Computers for your cells? Sounds like the plot to a Star Trek episode, but researchers report that they’ve developed a biocomputer that can figure out if a cell is cancerous and destroy it by triggering apoptosis —all by detecting miRNA levels, potentially leading to much more targeted cancer therapies than what’s available now.
The researchers from Boston and Zurich developed their biocomputer, or “classifier” gene circuit, to specifically identify HeLa cells in populations with other kinds of cells. To do this, they had to figure out what makes HeLa cells “HeLa-like.” It turns out that these cells express miR-21, miR-17, and miR-30a at higher levels, and they express miR-141, miR-142(3p), and miR146a at lower levels than other cell types do. So, the biocomputer recognizes any cell with that miRNA profile as being “HeLa.”

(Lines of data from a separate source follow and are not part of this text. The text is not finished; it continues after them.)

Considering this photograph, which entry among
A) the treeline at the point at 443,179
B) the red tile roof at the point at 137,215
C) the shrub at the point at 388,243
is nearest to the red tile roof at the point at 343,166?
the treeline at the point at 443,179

And once a cell is categorized as “HeLa,” the cellular MacBooks are programmed to produce human Bcl-2-associated X protein—aka, hBax— which triggers apoptosis and kills the cell. Non-HeLa cells remain unharmed.
The researchers say the biocomputer worked well, other than the occasional HeLa cell that survived or normal cell that was destroyed. More work is needed to optimize the circuit, but this platform could be used in the future for targeted therapies, for in vitro drug screening or monitoring of developmental processes.
Download the latest biocomputer updates at Science, September 2011.